Aim of the task →
Nothing should appear in the answer except the lines below from the line containing "Our sustain button" through the line containing "It's pretty easy", copied exactly, with pictures left out.

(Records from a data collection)
----

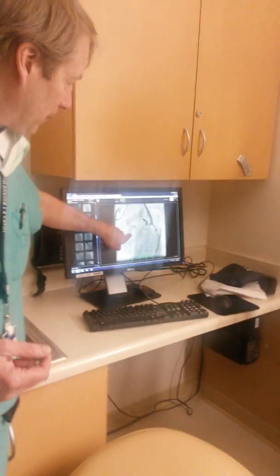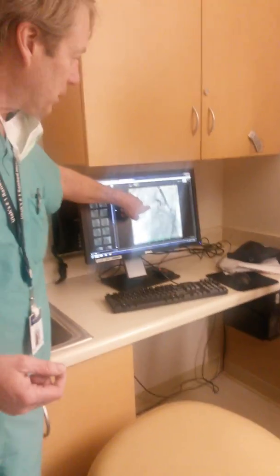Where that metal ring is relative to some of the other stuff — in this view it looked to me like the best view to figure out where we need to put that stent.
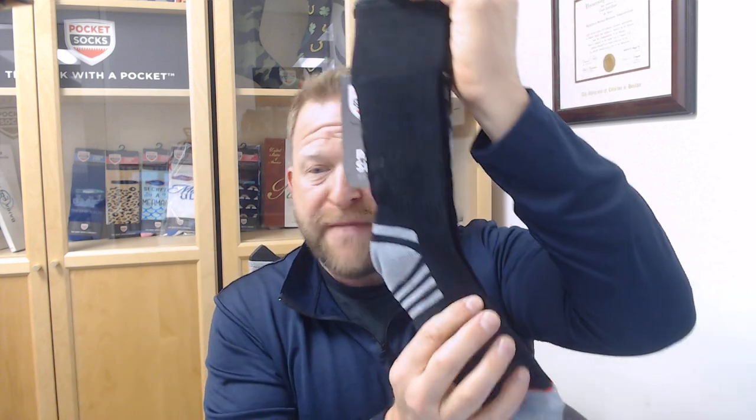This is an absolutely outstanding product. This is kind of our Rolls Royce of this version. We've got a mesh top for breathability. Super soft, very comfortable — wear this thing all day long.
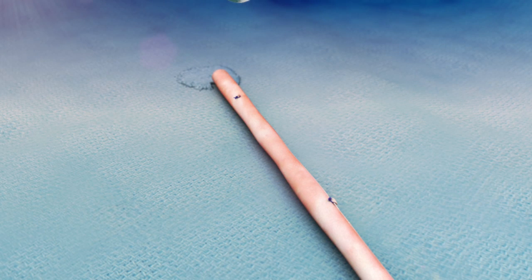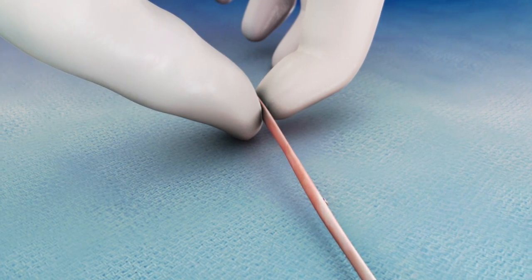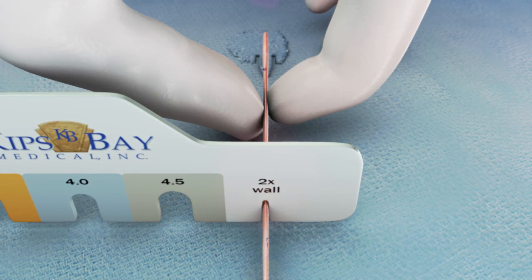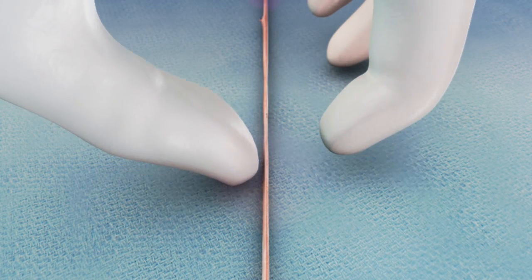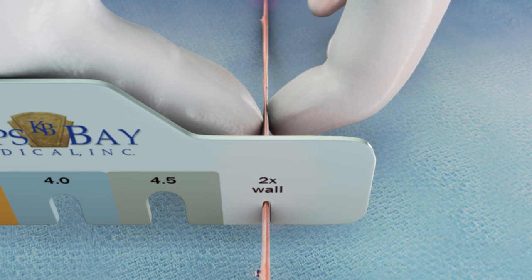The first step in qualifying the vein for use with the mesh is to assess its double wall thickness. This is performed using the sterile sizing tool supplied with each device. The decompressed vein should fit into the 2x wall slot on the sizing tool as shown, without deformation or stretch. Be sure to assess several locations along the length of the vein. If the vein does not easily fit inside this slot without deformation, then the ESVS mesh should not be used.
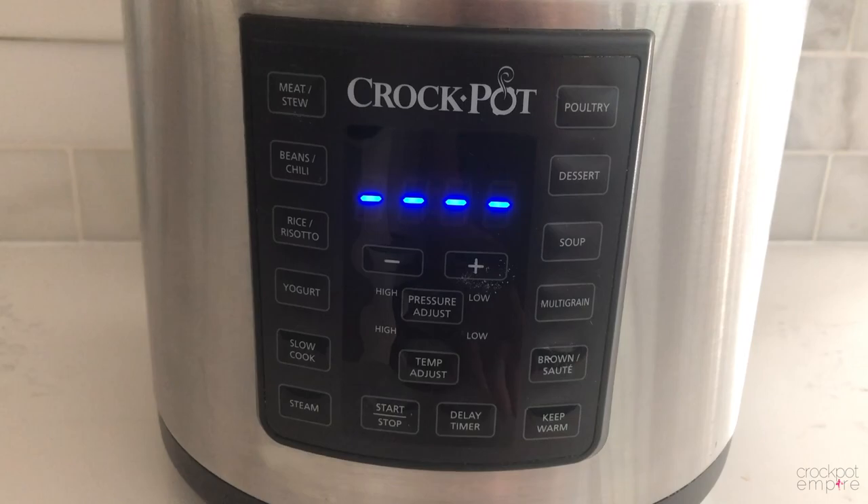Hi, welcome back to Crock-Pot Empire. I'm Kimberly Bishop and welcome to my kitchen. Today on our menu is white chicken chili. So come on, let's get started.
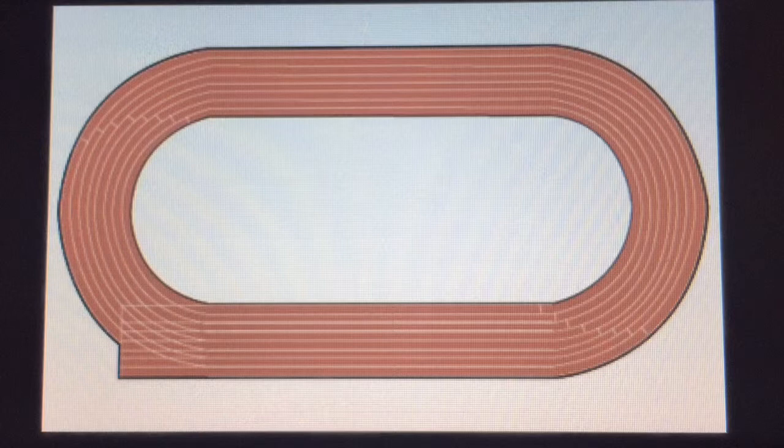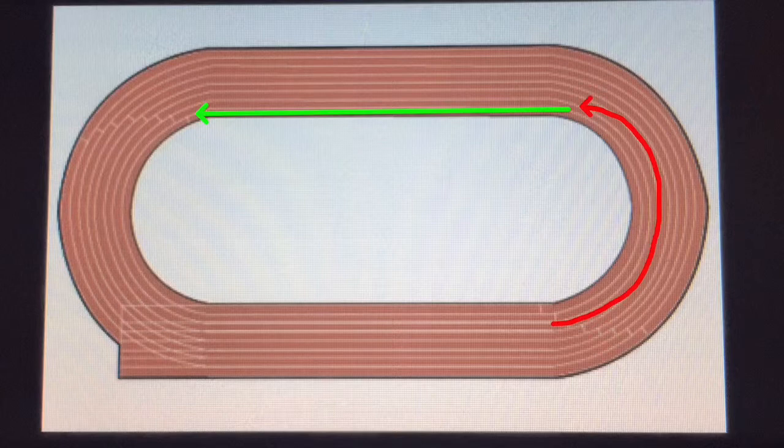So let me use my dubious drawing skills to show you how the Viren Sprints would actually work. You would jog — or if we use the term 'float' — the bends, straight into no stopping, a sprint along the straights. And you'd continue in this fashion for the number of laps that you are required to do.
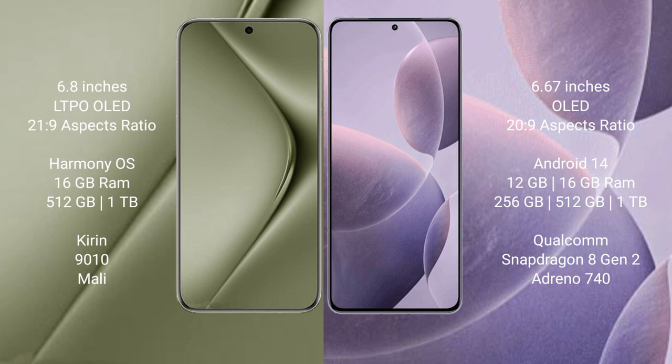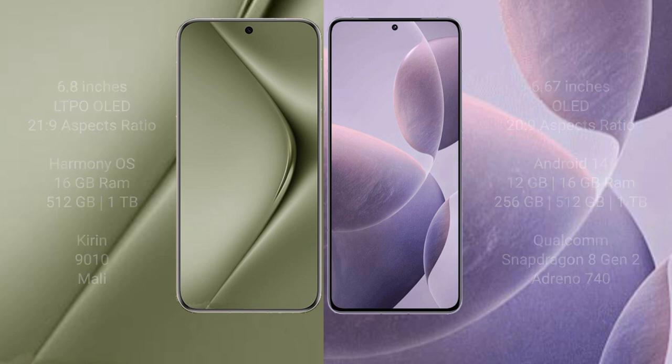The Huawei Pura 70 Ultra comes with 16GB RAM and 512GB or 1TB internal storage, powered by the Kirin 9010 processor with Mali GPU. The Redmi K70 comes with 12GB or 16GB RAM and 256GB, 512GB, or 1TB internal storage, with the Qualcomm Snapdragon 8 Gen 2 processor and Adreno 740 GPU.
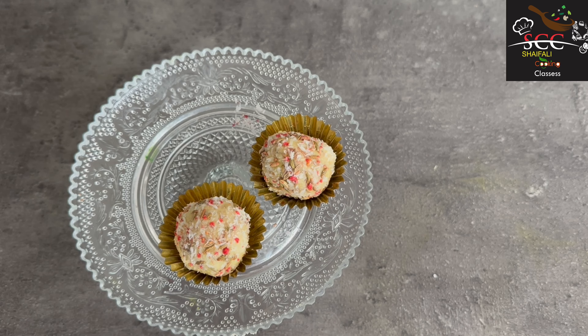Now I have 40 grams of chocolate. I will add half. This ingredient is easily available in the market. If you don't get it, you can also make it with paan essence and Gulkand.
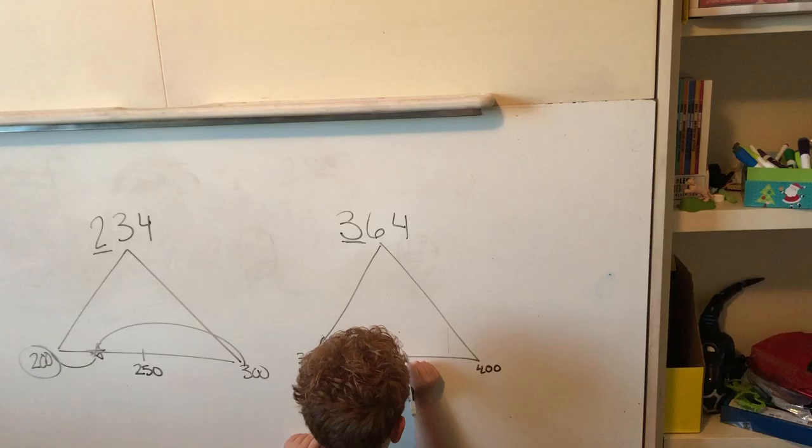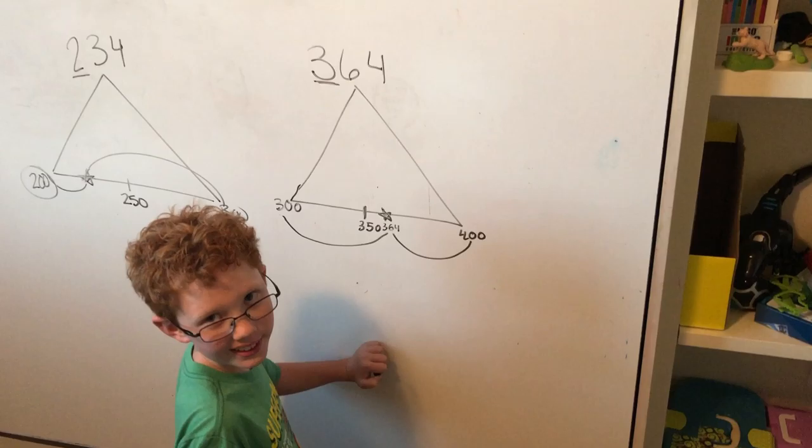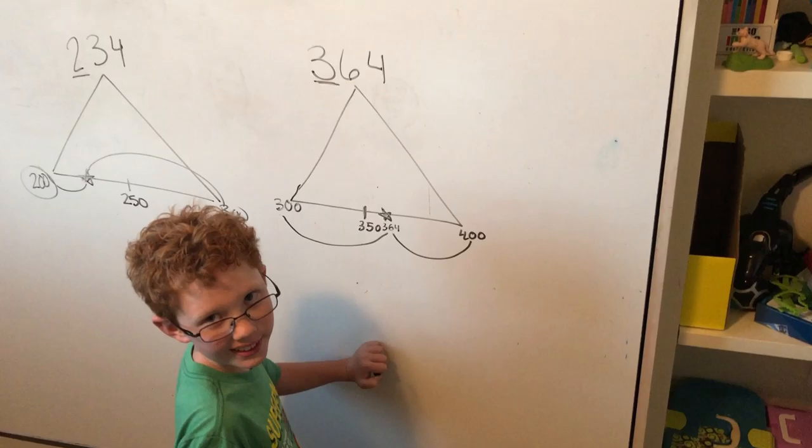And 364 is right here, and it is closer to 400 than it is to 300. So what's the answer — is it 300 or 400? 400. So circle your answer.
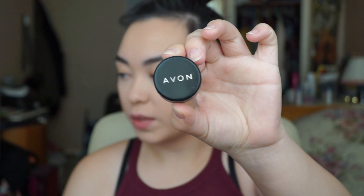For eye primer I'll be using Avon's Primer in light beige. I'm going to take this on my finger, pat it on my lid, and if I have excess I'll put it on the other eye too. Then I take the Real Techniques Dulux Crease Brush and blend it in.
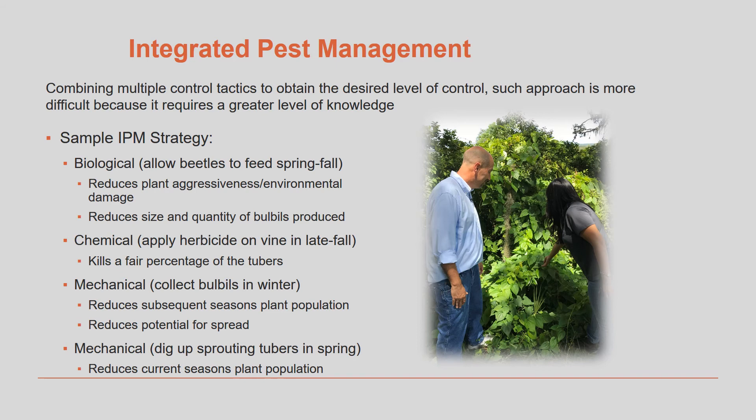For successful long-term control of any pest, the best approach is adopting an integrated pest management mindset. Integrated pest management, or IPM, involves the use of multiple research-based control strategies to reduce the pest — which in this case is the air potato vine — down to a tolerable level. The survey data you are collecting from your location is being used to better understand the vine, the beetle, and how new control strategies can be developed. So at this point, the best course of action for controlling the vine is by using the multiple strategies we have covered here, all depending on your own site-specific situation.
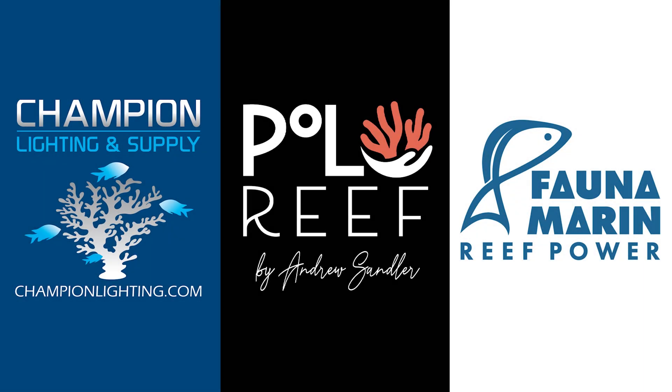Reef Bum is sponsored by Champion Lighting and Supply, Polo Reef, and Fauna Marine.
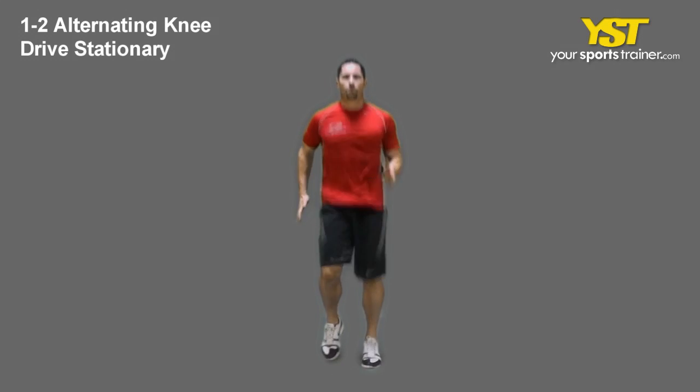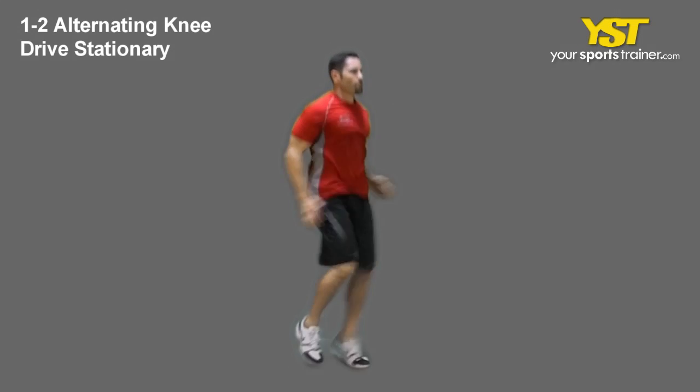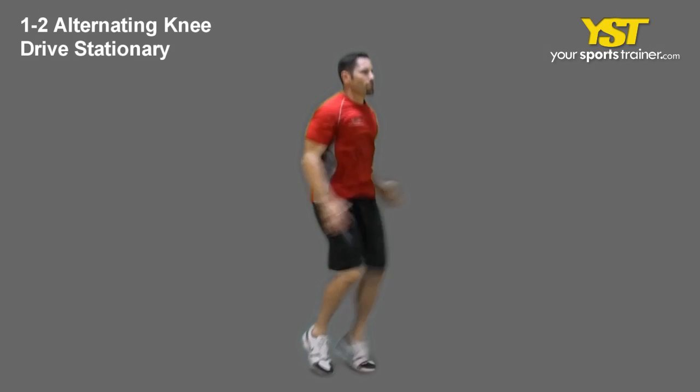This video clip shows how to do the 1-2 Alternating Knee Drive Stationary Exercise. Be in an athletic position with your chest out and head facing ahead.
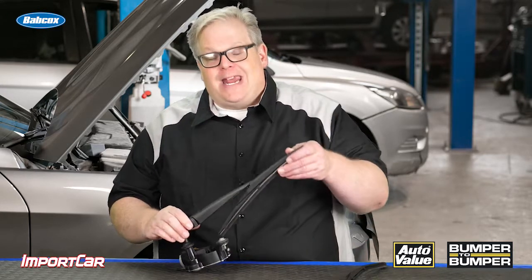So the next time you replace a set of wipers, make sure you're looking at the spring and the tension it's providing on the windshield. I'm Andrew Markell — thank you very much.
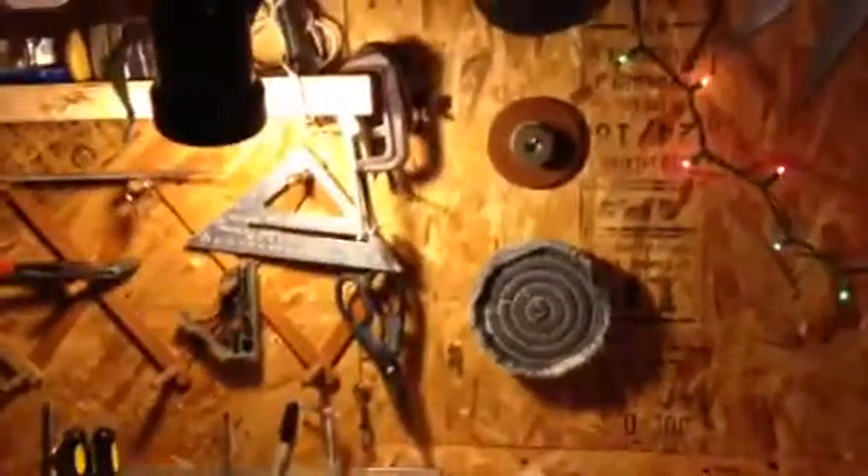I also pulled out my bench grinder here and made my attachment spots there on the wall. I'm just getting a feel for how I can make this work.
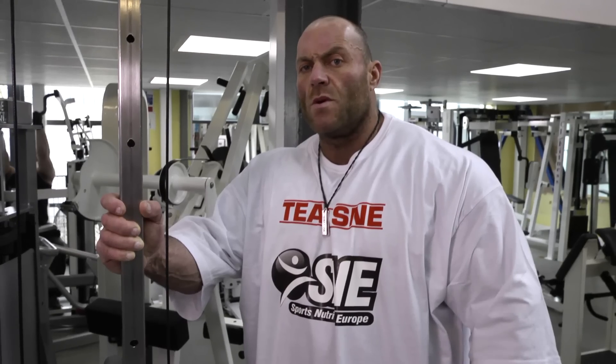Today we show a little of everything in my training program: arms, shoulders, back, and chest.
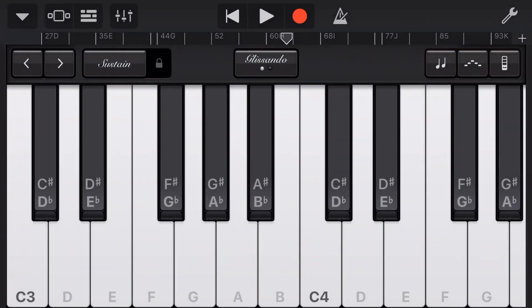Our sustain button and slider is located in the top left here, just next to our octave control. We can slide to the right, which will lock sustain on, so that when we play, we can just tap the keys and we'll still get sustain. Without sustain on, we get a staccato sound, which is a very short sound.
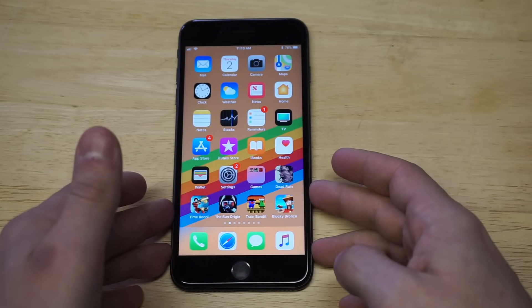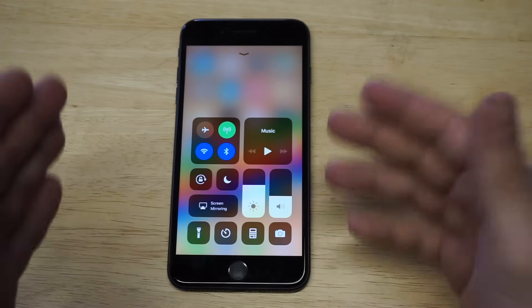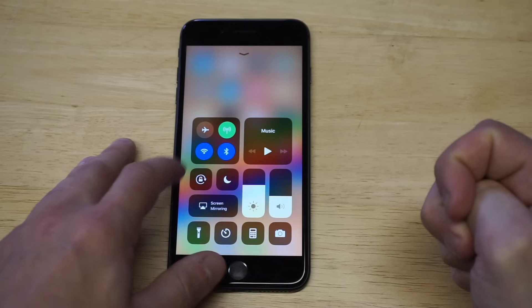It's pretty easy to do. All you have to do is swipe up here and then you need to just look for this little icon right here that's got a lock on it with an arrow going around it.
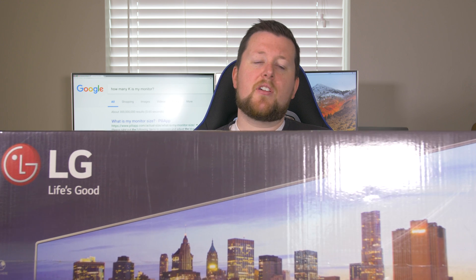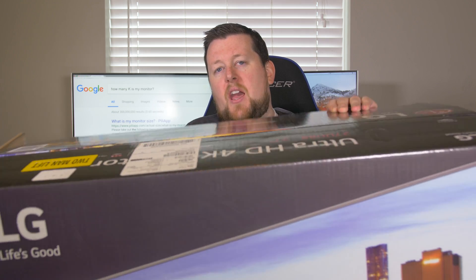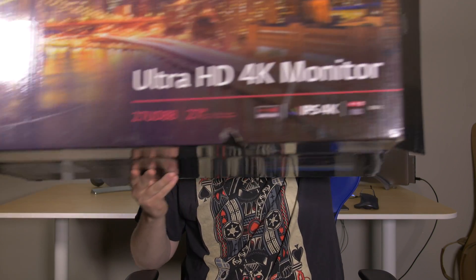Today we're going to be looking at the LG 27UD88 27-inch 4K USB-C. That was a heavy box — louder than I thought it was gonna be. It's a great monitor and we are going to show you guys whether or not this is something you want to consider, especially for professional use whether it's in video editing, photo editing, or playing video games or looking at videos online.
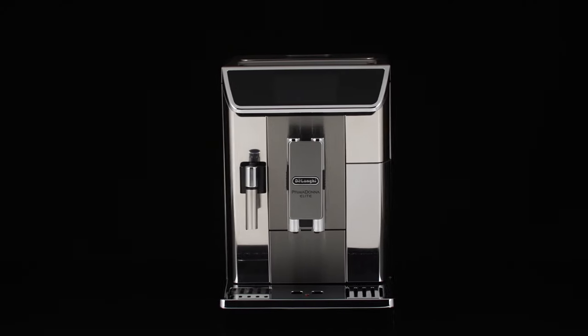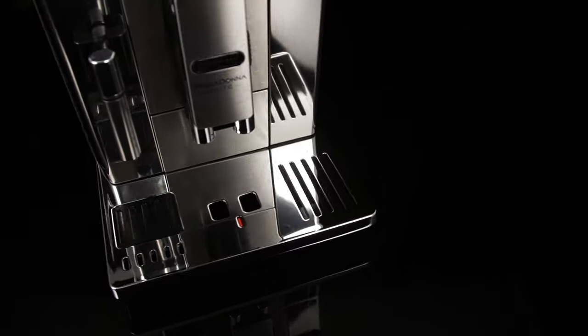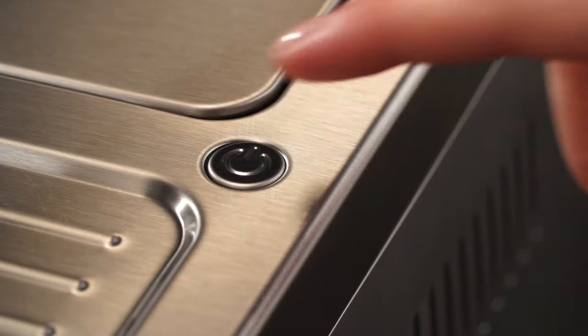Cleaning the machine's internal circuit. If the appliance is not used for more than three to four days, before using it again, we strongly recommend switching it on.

----

Result of the task →
Our sustain button and slider is located in the top left here, just next to our octave control. We can slide to the right, which will lock sustain on, so that when we play, we can just tap the keys and we'll still get sustain. Without sustain on, we get a staccato sound, which is a very short sound.
It's pretty easy to do. All you have to do is swipe up here and then you need to just look for this little icon right here that's got a lock on it with an arrow going around it.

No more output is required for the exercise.